De los colores del vidriado a los ingredientes ocultos
El celadón, el buncheong y la porcelana blanca son más que etiquetas de museo; trazan cambios de gusto y tecnología desde las dinastías Goryeo hasta Joseon de Corea. El celadón es famoso por su vidriado verde jade y su intrincada incrustación, el buncheong por sus animadas decoraciones con engobe blanco sobre un cuerpo más oscuro, y la porcelana blanca por su elegante pureza y sobriedad. Sin embargo, la clasificación basada en lo visual tiene límites: las piezas tempranas o experimentales pueden verse distintas, y la intemperie o la fractura pueden ocultar rasgos clave. Los autores recurren en su lugar a la fluorescencia de rayos X (XRF), una técnica que revela cuánto de cada óxido mayor —como sílice, alúmina, hierro y titanio— está presente en la pasta cerámica. Puesto que estas recetas químicas reflejan las materias primas y las condiciones de cocción, ofrecen una base más estable para identificar qué tipo de pieza fue un fragmento.

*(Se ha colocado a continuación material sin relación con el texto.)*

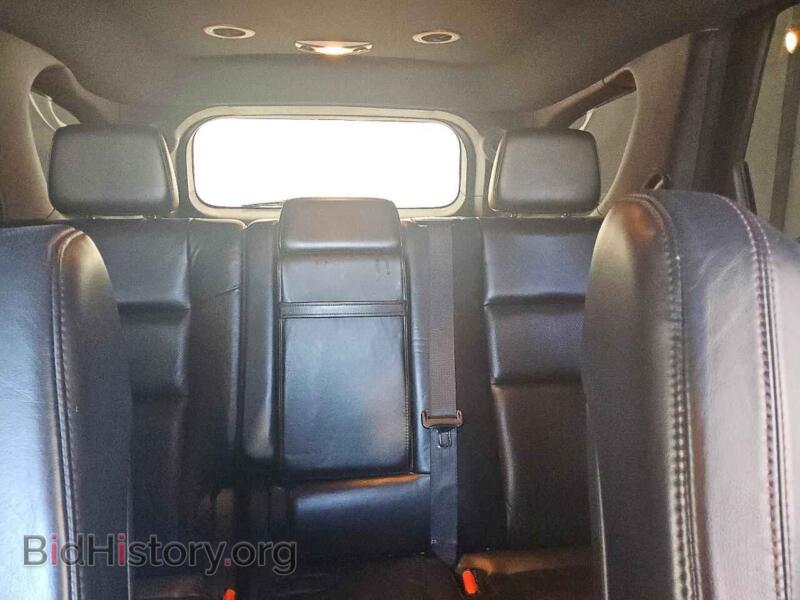 2021 Dodge DURANGO (VIN 1C4SDJCT8MC801420) — фото 10 из 14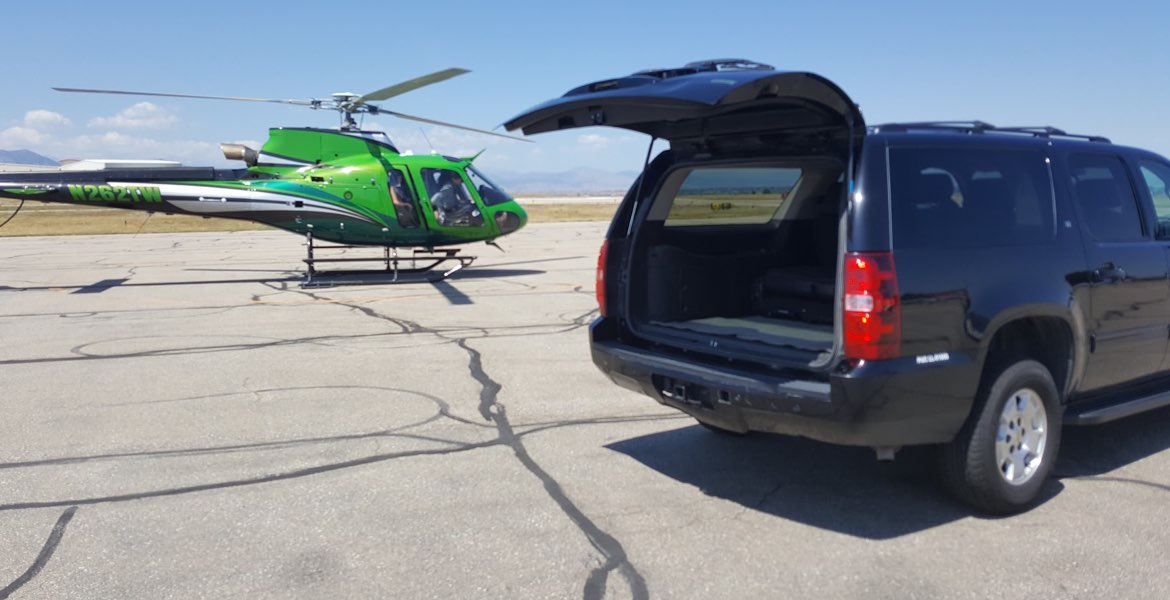 JeffCO Airport Transportation Services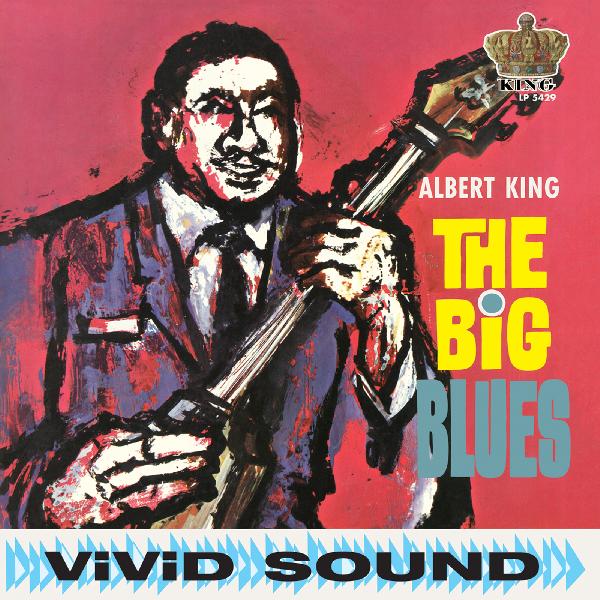 Albert King - The Big Blues [Red Vinyl]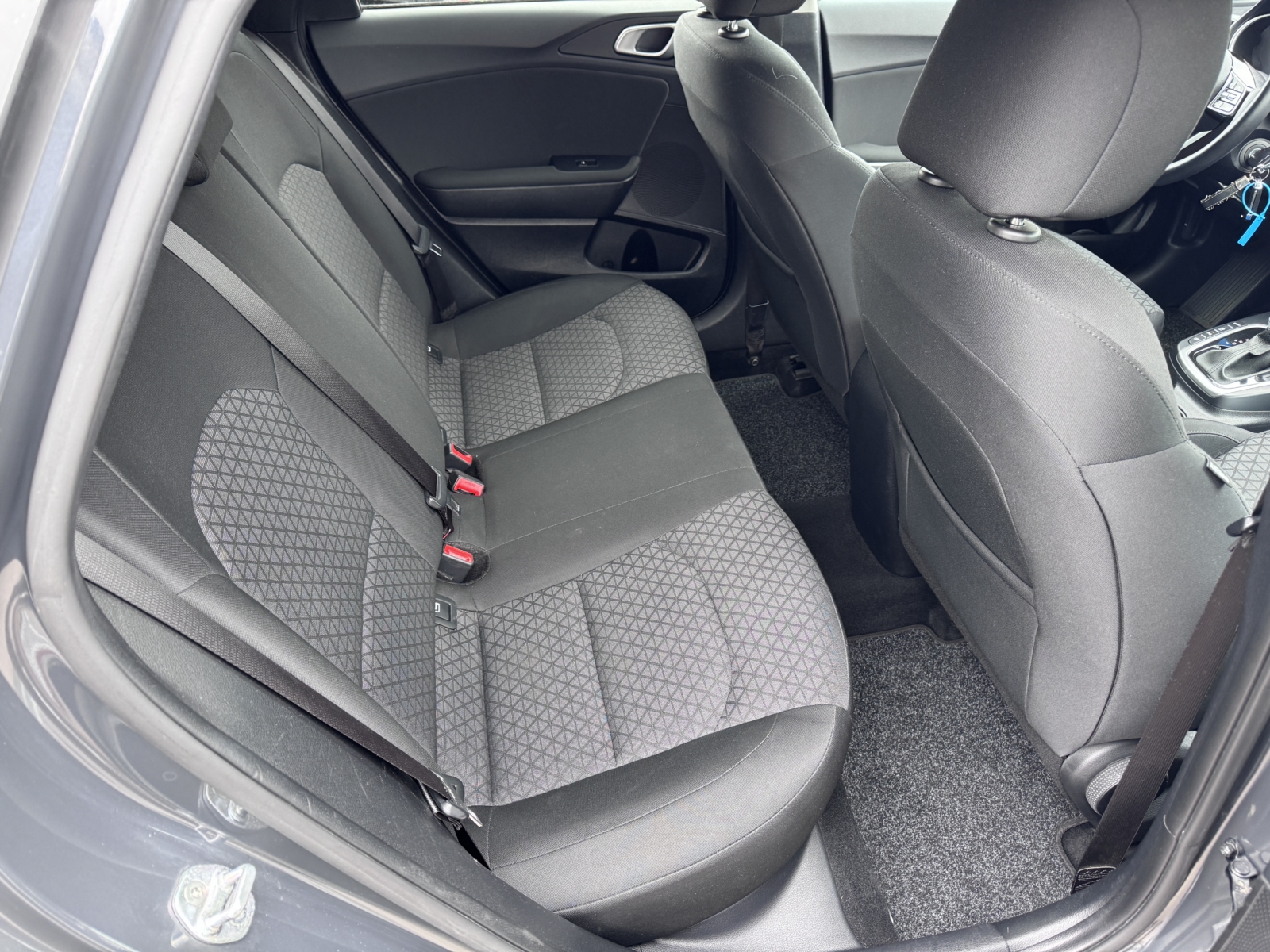Kia Cee'd 1.5 T-GDi LX Plius 2022 m. 5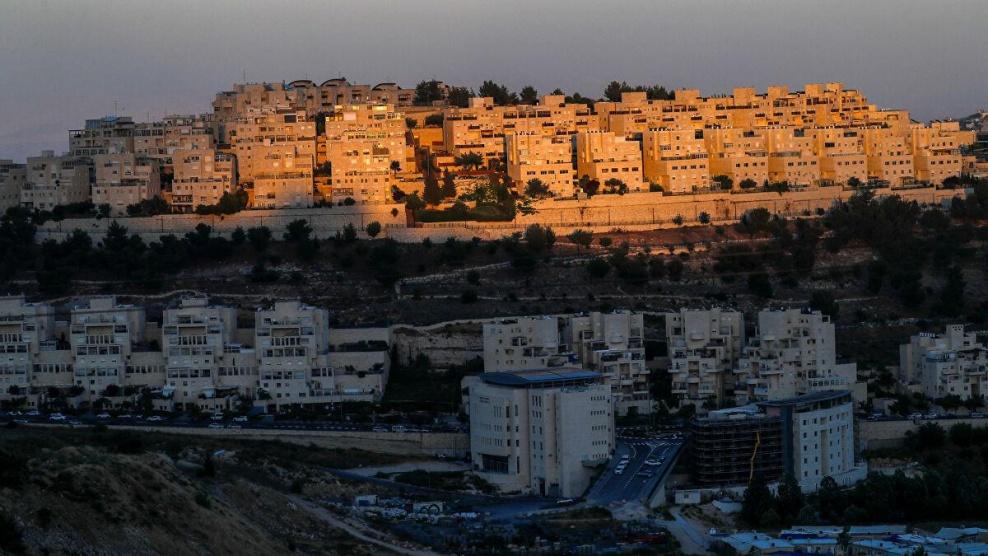 الاتحاد الأوروبي يحذر من خطورة مشروع استيطاني جنوبي القدس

Enseñar a las computadoras a reconocer arcillas antiguas
El equipo compiló datos XRF de 624 muestras cerámicas procedentes de estudios científicos previos, cubriendo de forma equilibrada celadón, buncheong y porcelana blanca. A continuación entrenaron seis modelos distintos de aprendizaje automático para reconocer los tres tipos usando únicamente diez óxidos medidos. Algunos modelos, como los árboles de decisión y los bosques aleatorios, dividen los datos en ramas según reglas simples. Otros, como las máquinas de vectores de soporte, trazan fronteras más flexibles en un espacio matemático. Para evitar ajustar los modelos en exceso a este conjunto de datos particular, los autores reservaron parte de los datos para pruebas y evaluaron el rendimiento con un grupo totalmente separado de 59 muestras extraídas de investigaciones independientes.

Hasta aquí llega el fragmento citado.